Aslolan Merasim, Ahlâk Önemli Değil
E. Kırşehirlioğlu 1957’de yayımladığı Türkiye’de Misyoner Faaliyetleri kitabında Anglo-Sakson, Protestan misyonerlerin gözlemlerini naklediyor:
Hristiyan müellifleri, eski kiliselerin, İslam fetihleri dolayısıyla, hayatiyetini kaybetmesine sebep olarak, Hristiyanların Müslümanlarla olan mütemadi münasebetlerini gösterirler. Zira bu yüzden onların da kendilerine tamamen yanlış olan şu iki hususa, yani ahlakî karakterin kurtuluş için esas olmadığına, keza normların ve merasimlerin Tanrının inayetini temine kâfi geldiğine inandıkları kanaatindedirler.
Neymiş bizim tavrımız:
1) Güzel ahlak, kurtuluş için pek de önemli bir husus değildir. Az biraz kopya, birazcık usulüne uygun hırsızlık, yalan… Zaten yolsuzluk hırsızlık değildir. Yalandan kim ölmüş?

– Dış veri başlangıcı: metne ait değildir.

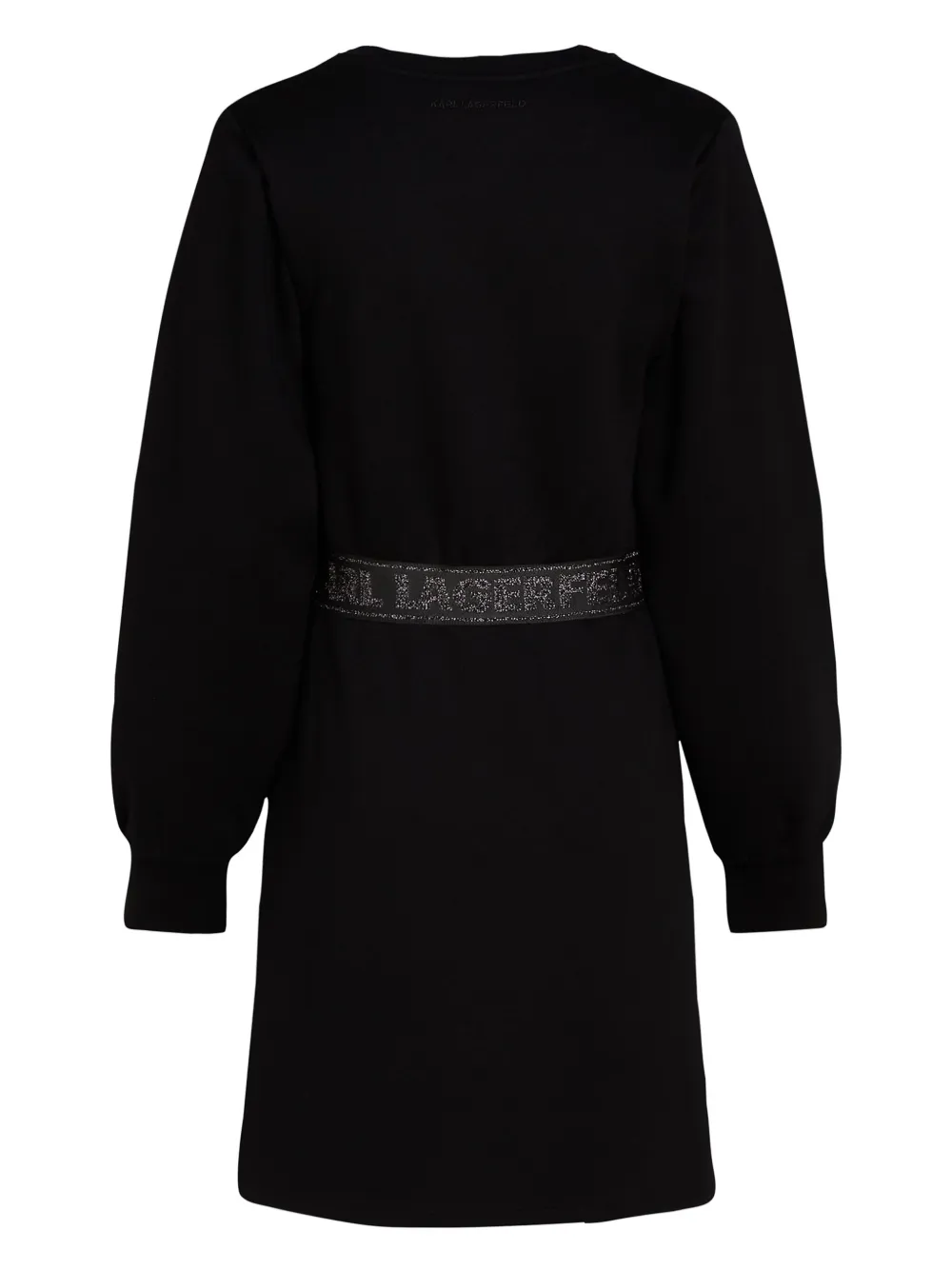 glitter logo-tape dress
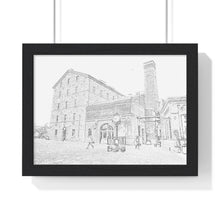 Load image into Gallery viewer, Toronto Distillery District - Toronto Urban Scene - Toronto Photo Art - Old Toronto - Pencil Sketch Art | Premium Framed Horizontal Poster
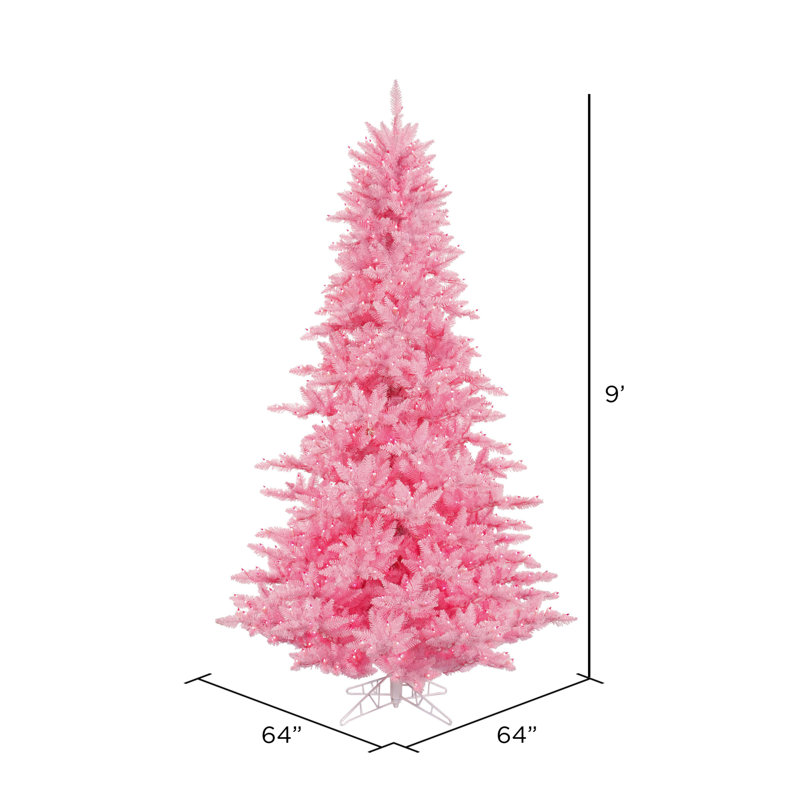 Pink Fir Artificial Christmas Tree, Pink Dura-Lit® LED, 9' H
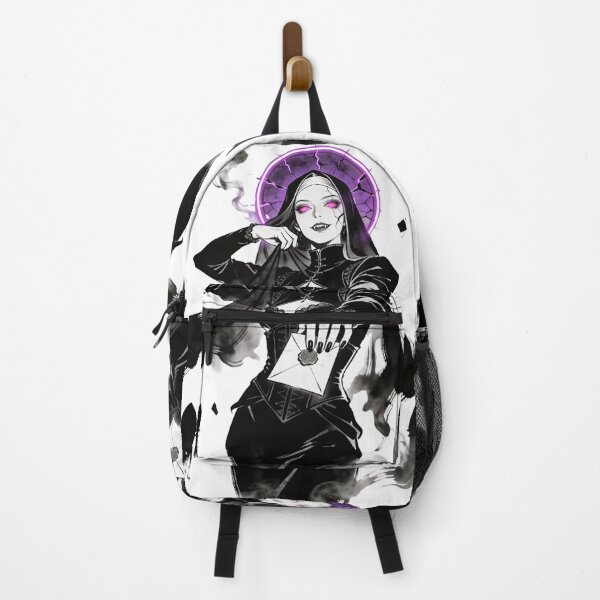 Item preview, saint of sin femme fatale spy archetype gothic saint neon halo hot pink eyes electric purple halo dark fantasy engraving designed and sold by DarkMedieval.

2) Merasimleri, ibadetleri yeterince yerine getirirseniz bu yeterlidir.
E. Kırşehirlioğlu’nu tanımayabilirsiniz. Rahmetli dostum, müstesna bilim ve fikir adamı Erol Güngör!
Ne yapıyordu FETÖ? Sınav sorularını çalıyor, yani afiyetle kul hakkı yiyor, halen işleri başındaki subayları, diğer görevlileri taciz ediyor; uydurma davalarla hapsediyor, cinayetler işliyor, yerlerine kendi adamlarını yerleştiriyordu. Bütün bunlar olup biterken de, biliyorsunuz, Türkiye’yi Ugandalılar yönetiyordu. (Ümit Özdağ’ın esprisidir.)
Artık Her Yer Liyakat ve Adalet
Gitti de bu rezaletlerden kurtulduk mu? Üniversiteler bugün akraba çöplüklerine dönüşmüyor değil mi? Öğrenciler fırsat bulsalar da kopya çekmiyor, öğretim üyeleri asla ve kat’a intihal yapmıyor değil mi? Artık hiç adam kayırma, rüşvet, açıktan para alma kalmadı değil mi? Tayinler tamamen liyakat ve adalet esaslarına göre yapılıyor değil mi? Katiyen adamına göre kadro, adamına göre sınav, yapılmıyor değil mi? Türk Üniversiteleri, Türk Dış İşleri, velhasıl içerde ve dışarda devleti devlet yapan bütün noktalar layık olanlarla doldurulmuş, değil mi? (Diplomatlarımız nasıl bülbül gibi yabancı dil konuşuyorlar, videosunu seyretmişsinizdir!)
Aksi bir vaka duysak, Türkiye ayağa kalkar, o ahlaksızlığı lanet içinde boğar değil mi?
Kabul Ediniz
Şu gerçekleri kabul edelim: Batılı artık yukardaki ırkçı laflarını söylemez. Bunlar çok ayıptır. Fakat önemli bir kısmının ağzında değilse bile duygu ve düşüncesinde hâlâ bu fikirler yaşar. İşte Churchill’in 1937’de söylediklerinden tam 30 küsur yıl sonra CIA İstanbul istasyon şefinin naklettiği WOG hikâyesi… Ve buyurun, AB’nin on yıllardır bize karşı tutumu…
Ve ikinci gerçek: Biz bu aşağılamalara hak verdirecek bir çamurun içindeyiz. Irk sebebiyle değil ama bambaşka sebeplerle biz de dâhil Orta Doğu ciddî bir ahlak bunalımı içindedir. Hat Manş’tan mı başlar, Sicilya’dan mı, Polonya’dan mı bilemem. Ama Batı’da pek az rastlanan yalan, rüşvet, yolsuzluk bu taraflarda yaygındır. Daha vahimi, olağan karşılanır. Ahlaksızlık sayılmaz. Ayıplanmaz.
Bizde her gün okuduklarımızın onda biri Batı’da yaşansa yer yerinden oynar. Basın bundan başka bir şey yazmaz, söylemez, göstermez olur.